Chicken Yoghurt has jumped off the (band) wagon:
I’ve finally bitten the bullet and divorced the bowel-achingly tedious Facebook. I’ve ‘deactivated’ my relationship with her. I got sick to the gills with her constant banging on. ‘Justin, come and look at this’, she kept saying. ‘Justin, come and do this’, she kept suggesting. Join that, poke this, invite the other. Nag, nag, bloody nag.
So has Tim Ireland:
I do not need to be lumbered with this pester-tech.
I have no wish to be alerted by email that a text-based message (that they could have delivered in the first fucking place via email) is awaiting me at Facebook.
I certainly have no desire to put a begging button on my site in search of what they laughingly classify as ‘friendship’.
I no longer wish to use Facebook, or be associated with it in any way.

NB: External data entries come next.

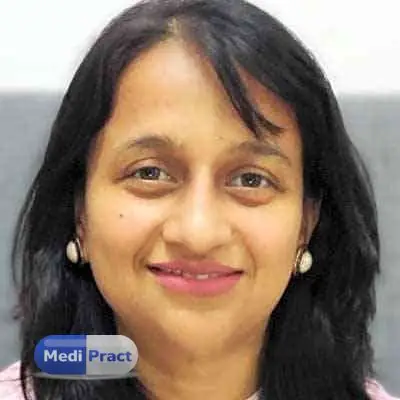 Dr. Anuja Bharti Profile Picture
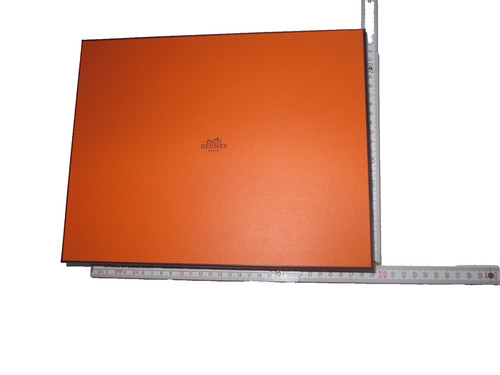 Original hermes box schachtel - original,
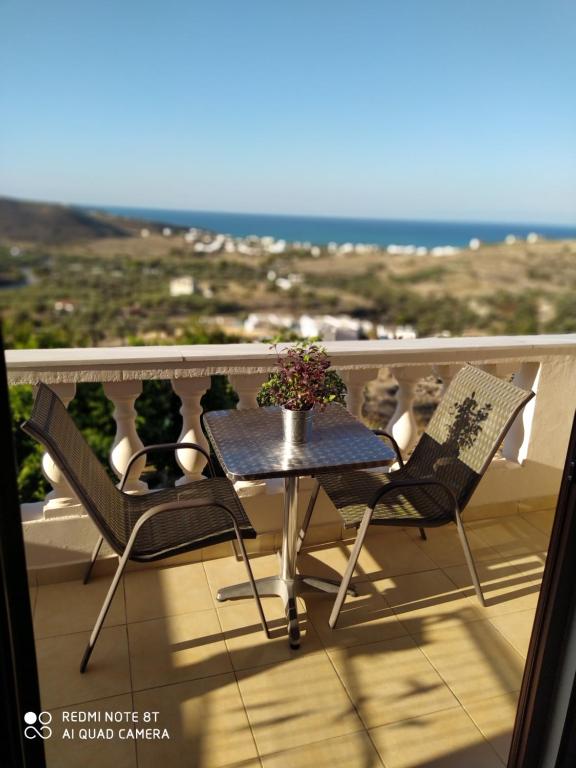 Príroda v okolí apartmánu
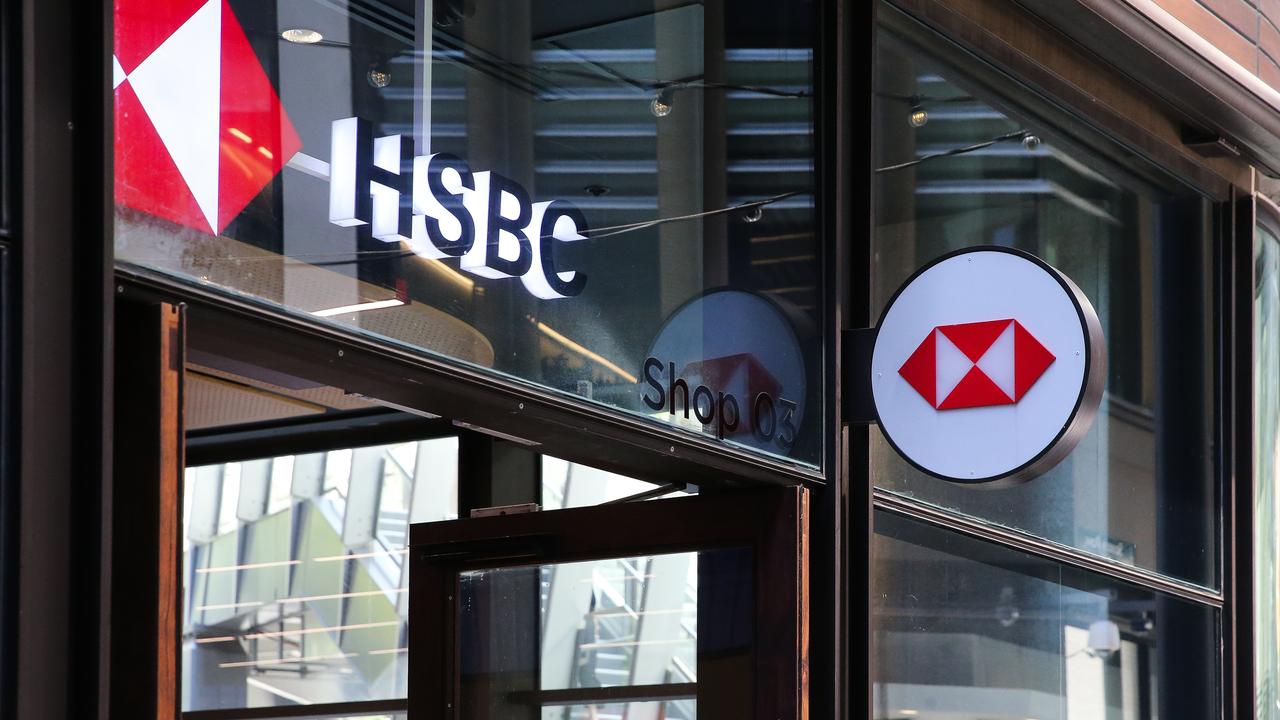 HSBC is facing a lawsuit. Picture: NewsWire / Gaye Gerard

Let me buff my brass buttons: I have never (I think) had a single friend on Facebook. I plead guilty to the account, but I allege that I only used it twice. I am however, beaten by a couple of people in Tim’s comments, who have never even dipped a toe in the poisoned lake.
Tags: facebook, claire beale, tim ireland, justin mckeating
[tags]facebook, claire beale, tim ireland, justin mckeating[/tags]


Oh dear, missed out on a mention again.
I quite like it myself, mainly for the scrabble.
Ordo, you would.
I second the scrabble comment.
How is it different?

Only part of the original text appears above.